The `P^(H)` of a dibasic acid is 3.699. Its molarity is

To find the molarity of a dibasic acid given its pH, we can follow these steps: ### Step 1: Understand the relationship between pH and [H⁺] The pH of a solution is defined as: \[ \text{pH} = -\log[H^+] \] Where \([H^+]\) is the concentration of hydrogen ions in moles per liter (M). ### Step 2: Calculate [H⁺] from pH Given that the pH of the dibasic acid is 3.699, we can calculate the concentration of hydrogen ions: \[ [H^+] = 10^{-\text{pH}} \] Substituting the given pH value: \[ [H^+] = 10^{-3.699} \] ### Step 3: Calculate the numerical value of [H⁺] Using a calculator: \[ [H^+] \approx 2.00 \times 10^{-4} \, \text{M} \] ### Step 4: Relate [H⁺] to the molarity of the dibasic acid Since the acid is dibasic, it can donate two protons (H⁺) for every molecule of acid.
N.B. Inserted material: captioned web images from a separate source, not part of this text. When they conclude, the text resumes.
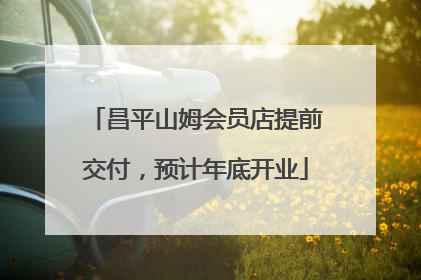 昌平山姆会员店提前交付，预计年底开业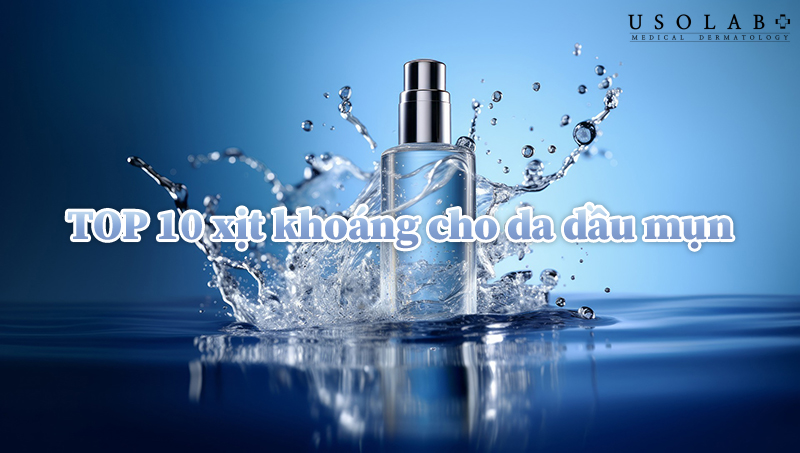 TOP xịt khoáng cho da dầu mụn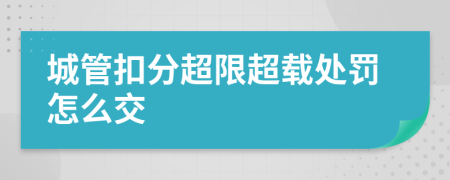 城管扣分超限超载处罚怎么交
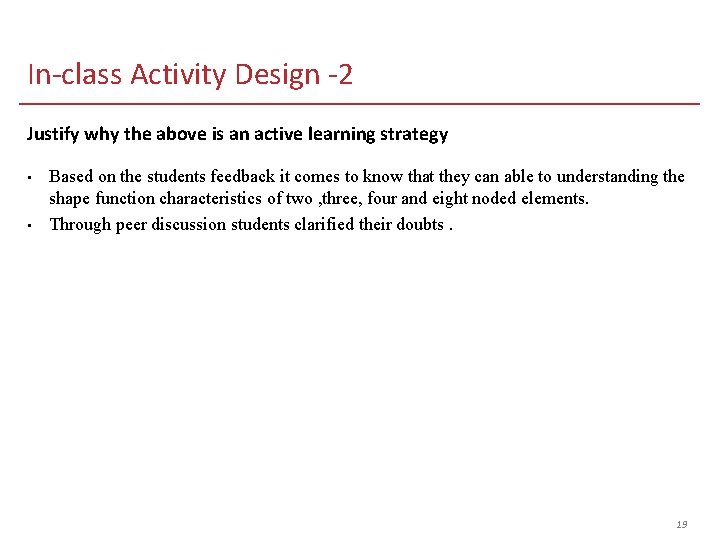 In-class Activity Design -2 Justify why the above is an active learning strategy • In-class Activity Design -2 Justify why the above is an active learning strategy •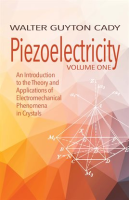 Piezoelectricity__Volume_One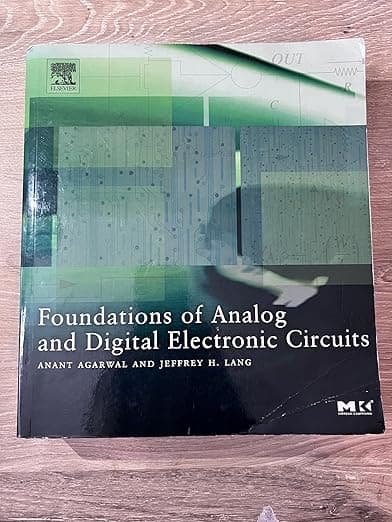 Foundations of Analog and Digital Electronic Circuits (The Morgan Kaufmann Series in Computer Architecture and Design) - Agar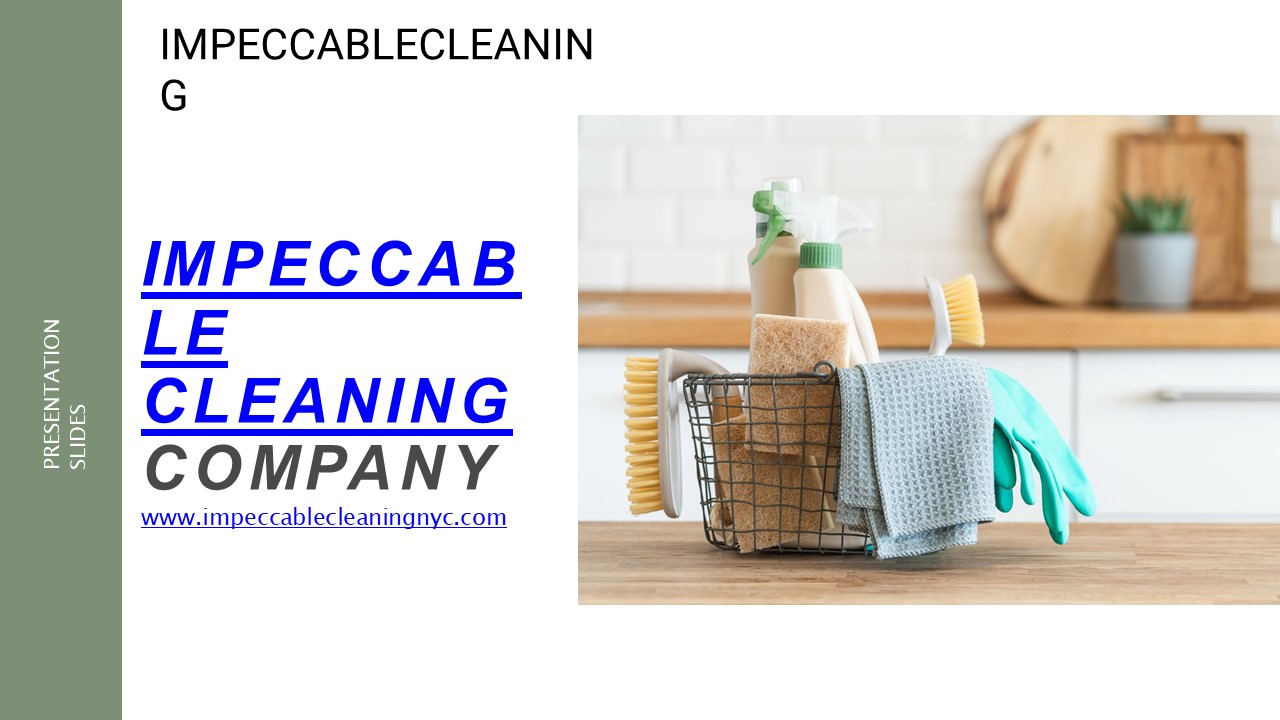 IMPECCABLE CLEANING - RESIDENTIAL CLEANING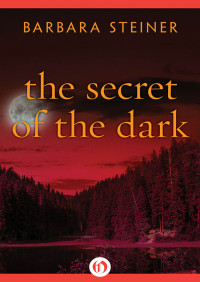 Barbara Steiner — The Secret of the Dark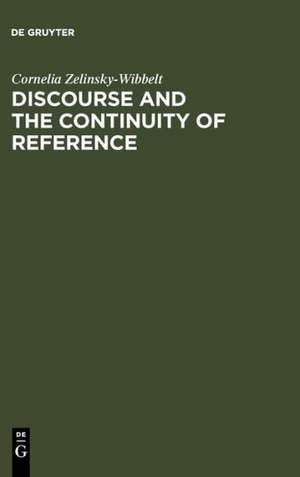 Discourse and the Continuity of Reference: Representing Mental Categorization de Cornelia Zelinsky-Wibbelt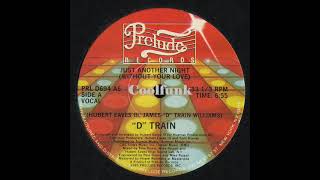 "D" Train - Just Another Night (Without Your Love)  " 12 inch 1985 "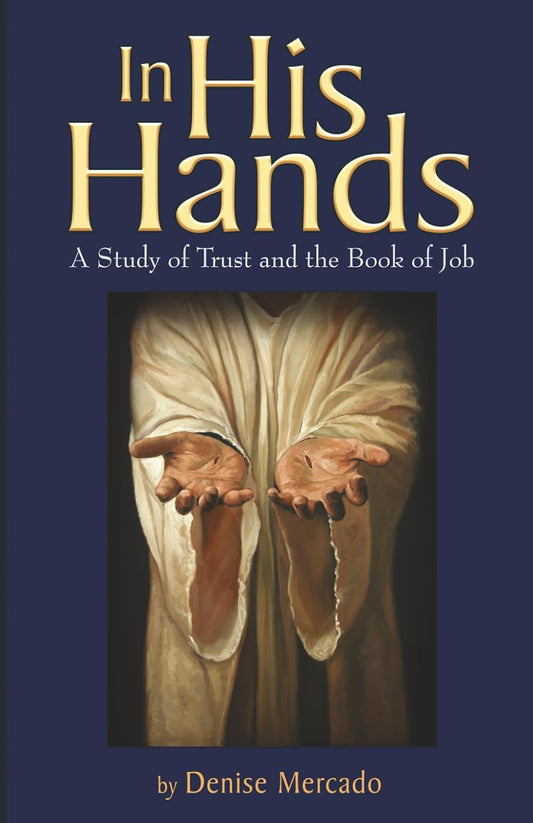 In His Hands: A Study of Trust and the Book of Job - by Denise Mercado (Signed Copy)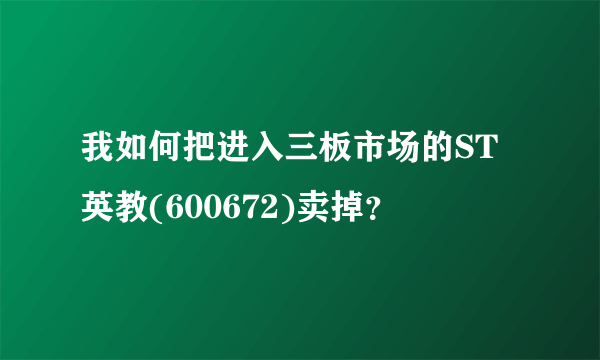 我如何把进入三板市场的ST英教(600672)卖掉？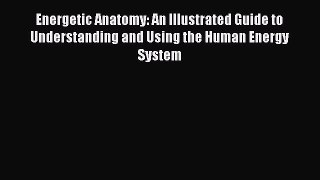 [Read book] Energetic Anatomy: An Illustrated Guide to Understanding and Using the Human Energy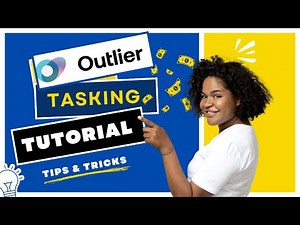 How to Task on Outlier: What You Need to Know Before You Start!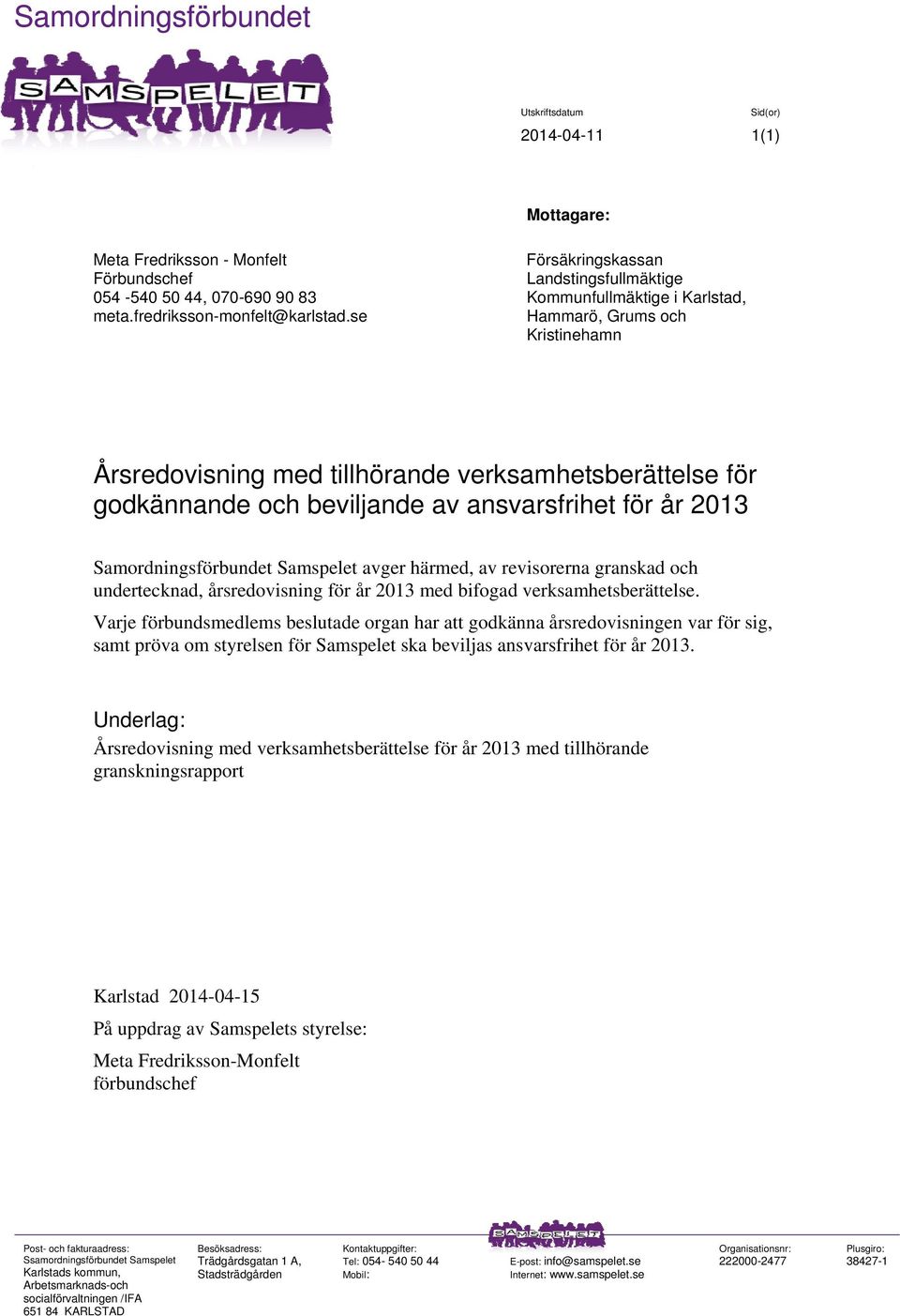 ansvarsfrihet för år 2013 Samordningsförbundet Samspelet avger härmed, av revisorerna granskad och undertecknad, årsredovisning för år 2013 med bifogad verksamhetsberättelse.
Therefore, the concentration of the acid \([HA]\) is half the concentration of hydrogen ions: \[ [HA] = \frac{[H^+]}{2} \] ### Step 5: Calculate the molarity of the dibasic acid Substituting the value of \([H^+]\): \[ [HA] = \frac{2.00 \times 10^{-4}}{2} = 1.00 \times 10^{-4} \, \text{M} \] ### Final Answer The molarity of the dibasic acid is: \[ \text{Molarity} = 1.00 \times 10^{-4} \, \text{M} \] ---